The report, written by Oxfam biofuel policy adviser Rob Bailey, urges developed nations to abandon their biofuel mandates and get rid of the subsidies and tariffs on biofuels that are destroying the ability of the market to appropriately adjust biofuel and food supply and demand. These economic hurdles have lead to an all-time low in grain reserves, the report says, and pushed food prices to record highs.

The report goes beyond the humanitarian consequences and puts numbers to the environmental boondoggle that is the current biofuel economy. Oxfam estimates that land-use changes largely from the palm oil plantations that have popped up around the world’s equator, are emitting a huge amount of CO2, and it will take 46 years of projected 2020-level biofuel use to make up a “carbon debt.”
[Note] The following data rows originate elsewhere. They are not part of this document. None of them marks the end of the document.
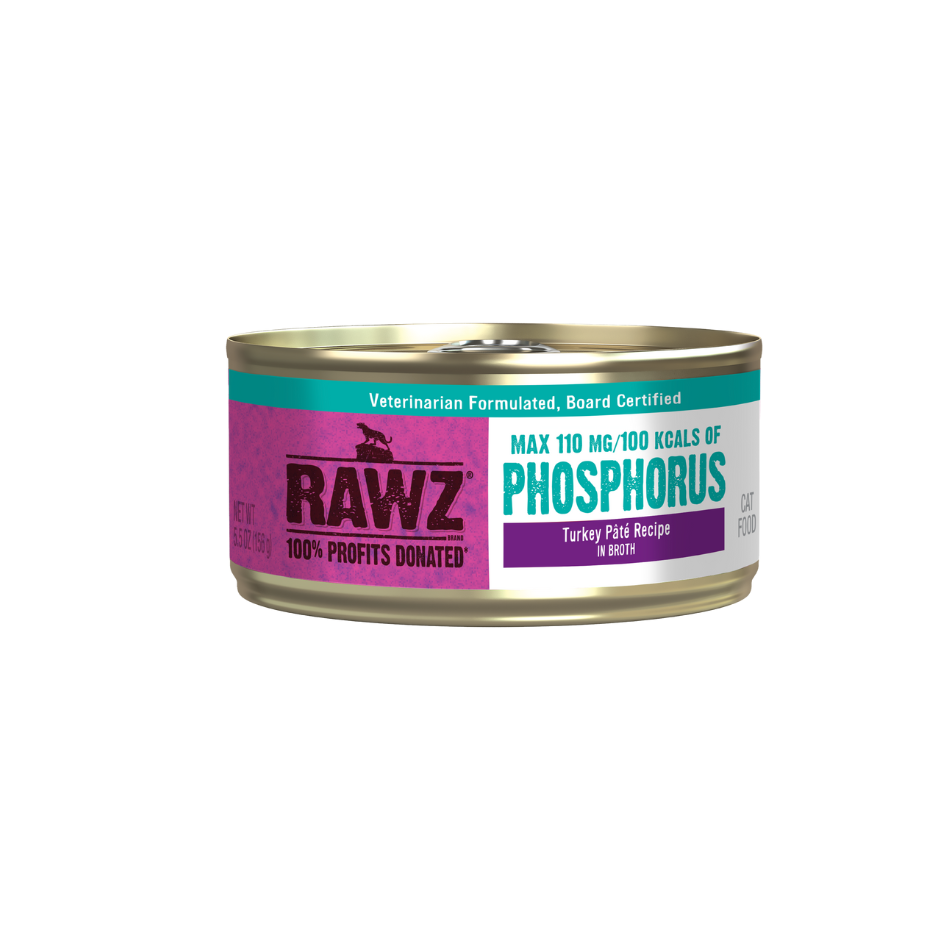 Rawz Rawz Cat Can Low Phosphorus Turkey 5.5oz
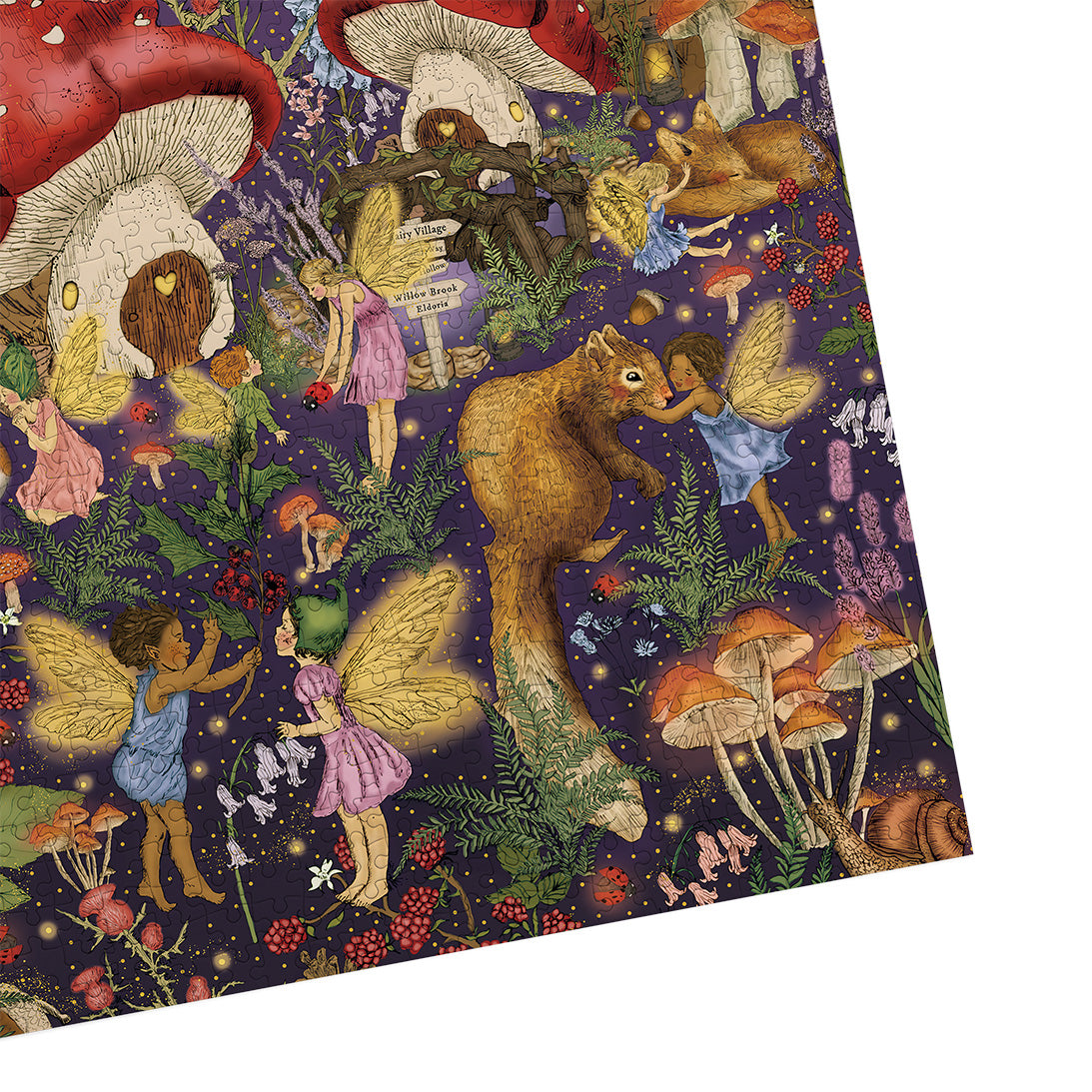 gibsons-art-file-fairytale-puzzle-1000-teile-feenwald image 8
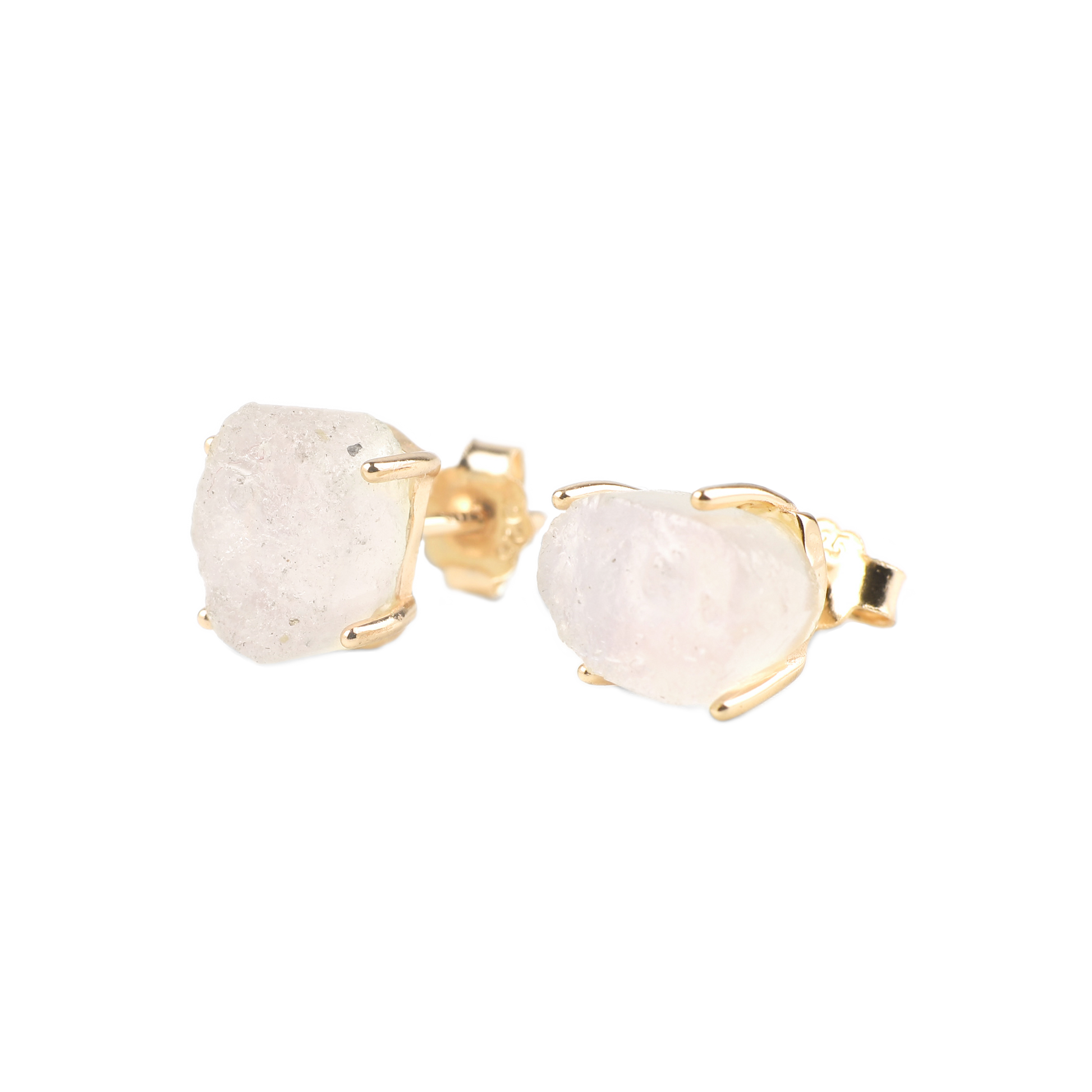 Moonstone Stud Earrings — Vanny Jewels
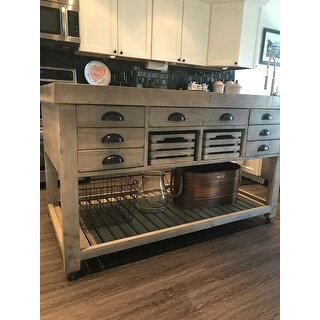 Kitchen Island 60 Inches deni wood and stone 60-inch kitchen islandkosas home - free Kitchen Island 60 Inches deni wood and stone 60-inch kitchen islandkosas home - free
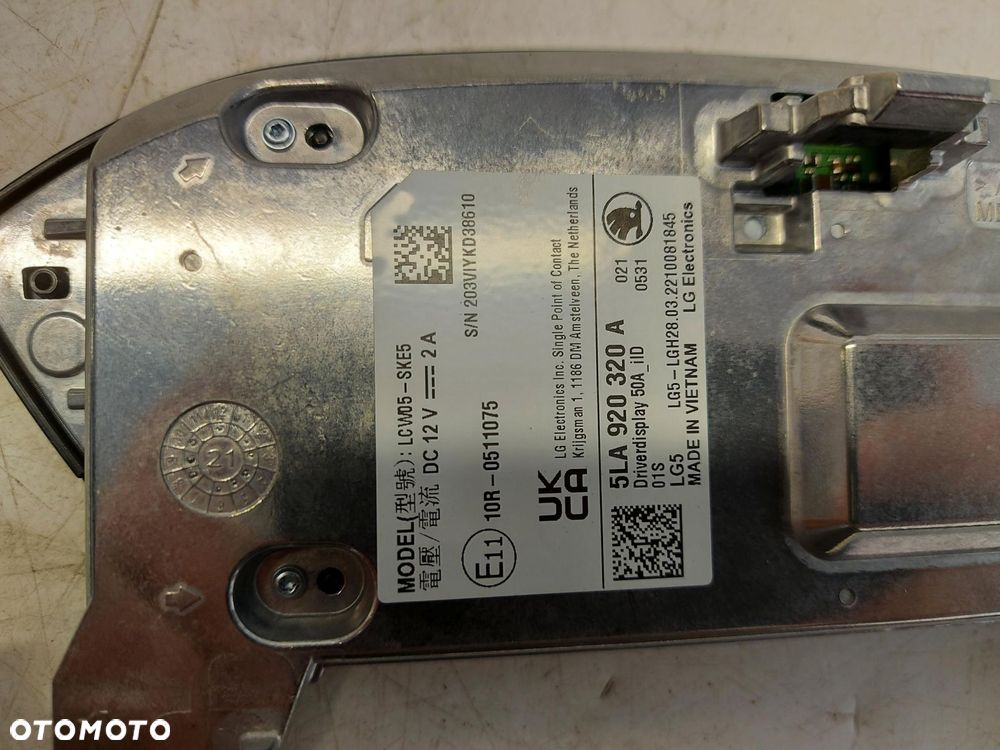 Skoda Enyaq 5LA iV60 LICZNIK ZEGARY WYŚWIETLACZ 5LA920320A - 4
Oxfam is just the latest in a series of international bodies that are calling for restructuring of the global biofuels market. UN special rapporteur on the right to food, Jean Ziegler, called the current biofuel industry a “crime against humanity” and said the misbegotten race to convert the world’s grain into fuel will cause more hunger. The Council on Foreign Relations says that Washington must step in and force diversification of biofuel feedstocks away from corn to prevent the poor of the world from starving. Critics in the United States and Washington insiders are calling for a scale back of the biofuels mandate.